» TASK OBJECTIVE: Pictures in the listing should not be copied. Reproduce, word for word, each line from the one holding "Kenworth T800 Tractor Units" through the final line.

» GIVEN MATERIAL:
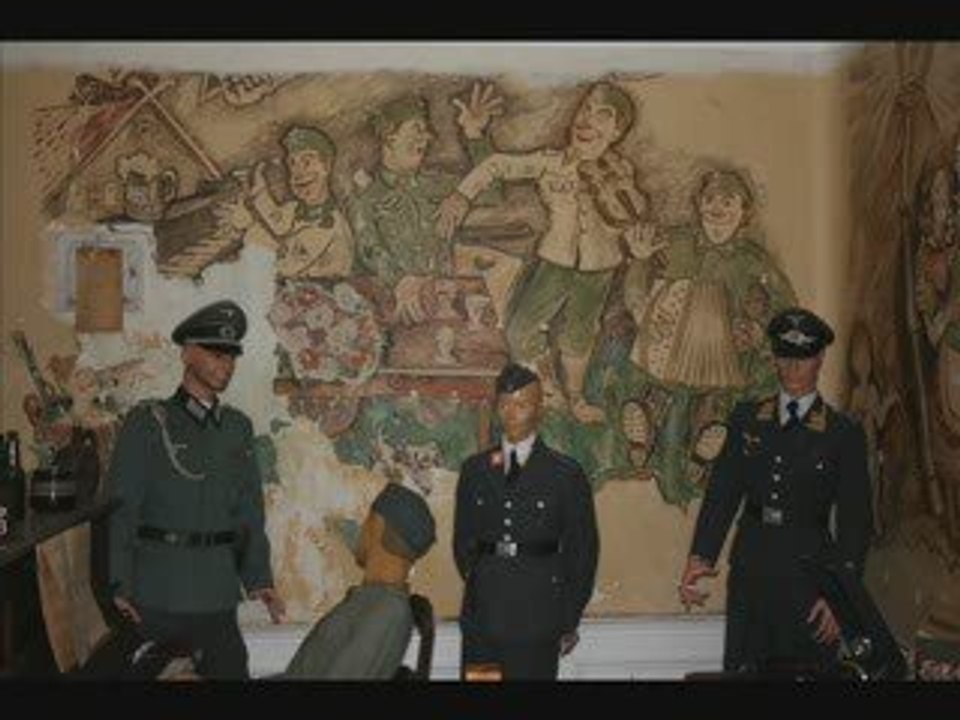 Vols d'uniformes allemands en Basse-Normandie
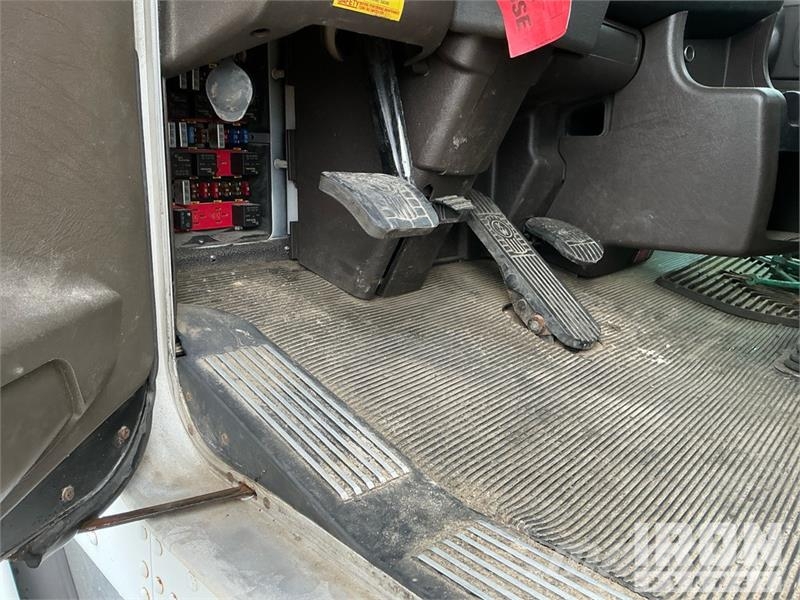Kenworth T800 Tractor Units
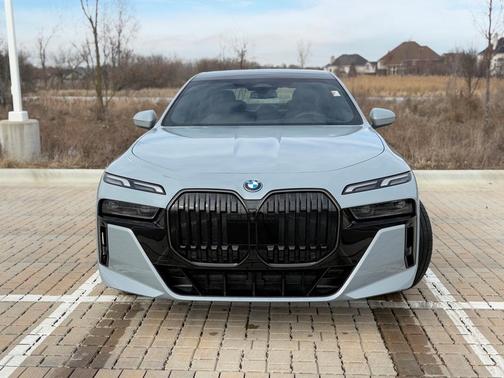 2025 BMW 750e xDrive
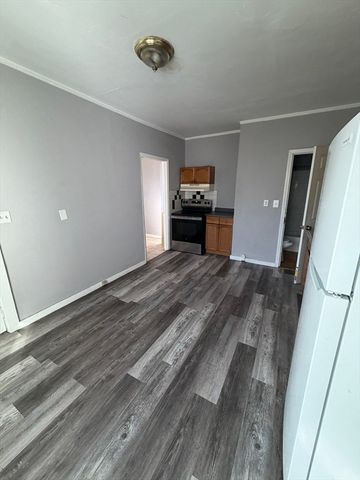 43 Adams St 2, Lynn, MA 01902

» SOLUTION TO THIS EXERCISE:
Kenworth T800 Tractor Units
 2025 BMW 750e xDrive
 43 Adams St 2, Lynn, MA 01902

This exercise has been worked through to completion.